Polisi menghitung ada 1.632 personel gabungan yang diturunkan. Mereka sibuk mengatur rekayasa lalu lintas, mendirikan barikade, dan memastikan semuanya “aman”. Namun, di balik angka-angka resmi dan protokol keamanan itu, ada angka lain yang jauh lebih penting: ribuan suara serak, ribuan peluh yang menetes, dan ribuan keluarga yang nasibnya dipertaruhkan di atas aspal Silang Monas, Jakarta Pusat.
Ini bukan sekadar demo ojol. Ini adalah sebuah anomali besar di era digital. Di satu sisi, kita punya narasi manis tentang perusahaan aplikasi—startup unicorn dan decacorn dengan valuasi triliunan rupiah, yang dipuji sebagai pahlawan inovasi dan efisiensi. Di sisi lain, kita melihat para “mitra” mereka, tulang punggung dari efisiensi itu, harus turun ke jalan, membakar ban, dan berteriak di bawah terik matahari hanya untuk didengar.
Pemandangan di Monas kemarin adalah benturan keras antara dua dunia itu. Dunia kantor ber-AC tempat algoritma dan tarif diputuskan dalam hitungan detik, dengan dunia jalanan tempat para pengemudi harus bernegosiasi dengan kemacetan, cuaca, dan potongan komisi yang mencekik. Para pengemudi ini adalah server manusia. Mereka adalah bagian paling vital dari sistem, namun sering kali diperlakukan sebagai komponen yang paling bisa diganti.
Aksi demo ojol ini menjadi semacam glitch in the matrix. Sebuah pengingat bahwa di balik setiap pesanan makanan yang tiba tepat waktu atau perjalanan yang murah meriah, ada manusia dengan kebutuhan, harapan, dan batas kesabaran. Mereka bukan sekadar titik yang bergerak di layar aplikasi kita. Mereka adalah para bapak, ibu, dan anak muda yang sedang berjuang di tengah rimba raya ekonomi digital yang sering kali tak punya hati.
Fokus aparat pada pengamanan tentu penting untuk ketertiban kota. Namun, memandang aksi ini hanya sebagai potensi gangguan keamanan adalah sebuah kesempitan berpikir.

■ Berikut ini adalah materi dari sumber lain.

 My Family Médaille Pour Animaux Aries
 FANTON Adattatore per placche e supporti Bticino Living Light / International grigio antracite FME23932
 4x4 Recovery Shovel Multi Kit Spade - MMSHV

Ini adalah parlemen jalanan. Ini adalah mosi tidak percaya dari para pekerja informal terhadap sistem “kemitraan” yang timpang. Mereka tidak sedang melawan polisi di lapangan; mereka sedang berteriak pada entitas raksasa yang tak berwajah di menara-menara kaca.

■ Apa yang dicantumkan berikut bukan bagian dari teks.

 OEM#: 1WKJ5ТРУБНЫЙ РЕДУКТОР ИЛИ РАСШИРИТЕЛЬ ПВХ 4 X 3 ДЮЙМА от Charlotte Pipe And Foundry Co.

Jadi, sementara lalu lintas dialihkan dan aparat berjaga, pertanyaan sesungguhnya bukanlah “apakah demo berjalan tertib?”, melainkan “apakah pesan mereka sampai?”. Sebab jika tidak, lautan jaket ini akan terus kembali, menjadi pengingat abadi bahwa janji kemajuan teknologi tak ada artinya jika ia meninggalkan manusianya di belakang.